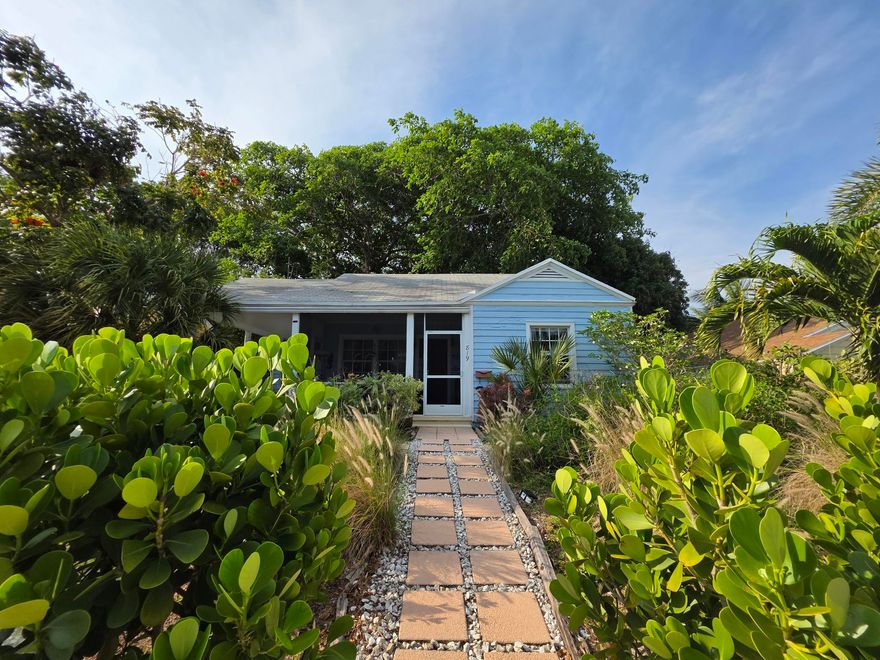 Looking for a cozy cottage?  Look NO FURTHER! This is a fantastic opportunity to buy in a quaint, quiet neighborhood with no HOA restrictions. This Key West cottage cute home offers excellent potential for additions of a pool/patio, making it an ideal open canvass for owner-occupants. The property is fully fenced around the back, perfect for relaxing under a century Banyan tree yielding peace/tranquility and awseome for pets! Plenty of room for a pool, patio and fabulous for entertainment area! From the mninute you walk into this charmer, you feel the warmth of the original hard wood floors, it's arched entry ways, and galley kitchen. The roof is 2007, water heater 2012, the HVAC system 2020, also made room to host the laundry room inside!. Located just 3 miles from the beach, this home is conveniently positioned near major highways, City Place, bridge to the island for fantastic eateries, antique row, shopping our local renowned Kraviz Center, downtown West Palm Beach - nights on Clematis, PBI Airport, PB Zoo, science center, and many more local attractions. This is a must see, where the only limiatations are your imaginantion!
...
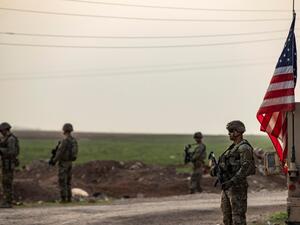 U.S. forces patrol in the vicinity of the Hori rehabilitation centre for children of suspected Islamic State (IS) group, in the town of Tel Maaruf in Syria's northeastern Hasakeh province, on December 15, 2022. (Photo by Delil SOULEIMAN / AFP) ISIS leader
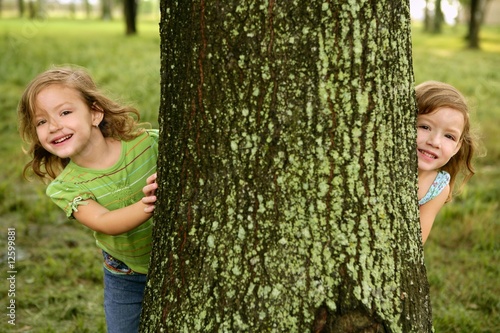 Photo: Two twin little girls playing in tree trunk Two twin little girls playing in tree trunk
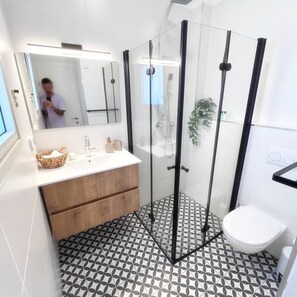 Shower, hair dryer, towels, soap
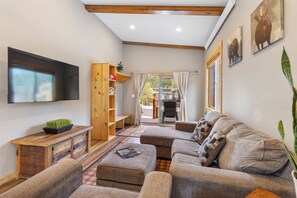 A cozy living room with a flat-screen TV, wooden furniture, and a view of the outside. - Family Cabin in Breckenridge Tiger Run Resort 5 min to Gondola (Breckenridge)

* **Assignment**
Set down again, word for word, every line from the one with "U.S. forces patrol" to the one with "A cozy living" in the entries above, and omit the pictures.

* **Result for this task**
 U.S. forces patrol in the vicinity of the Hori rehabilitation centre for children of suspected Islamic State (IS) group, in the town of Tel Maaruf in Syria's northeastern Hasakeh province, on December 15, 2022. (Photo by Delil SOULEIMAN / AFP) ISIS leader
 Photo: Two twin little girls playing in tree trunk Two twin little girls playing in tree trunk
 Shower, hair dryer, towels, soap
 A cozy living room with a flat-screen TV, wooden furniture, and a view of the outside. - Family Cabin in Breckenridge Tiger Run Resort 5 min to Gondola (Breckenridge)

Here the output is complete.